# What this task involves
If a line in the listing includes the word "image", copy it out.
....................
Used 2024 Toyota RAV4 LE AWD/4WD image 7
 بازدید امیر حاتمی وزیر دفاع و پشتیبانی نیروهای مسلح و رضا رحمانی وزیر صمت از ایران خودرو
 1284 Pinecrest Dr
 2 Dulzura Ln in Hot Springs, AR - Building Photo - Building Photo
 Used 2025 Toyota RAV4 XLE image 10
....................
# Response for this exercise
Used 2024 Toyota RAV4 LE AWD/4WD image 7
 Used 2025 Toyota RAV4 XLE image 10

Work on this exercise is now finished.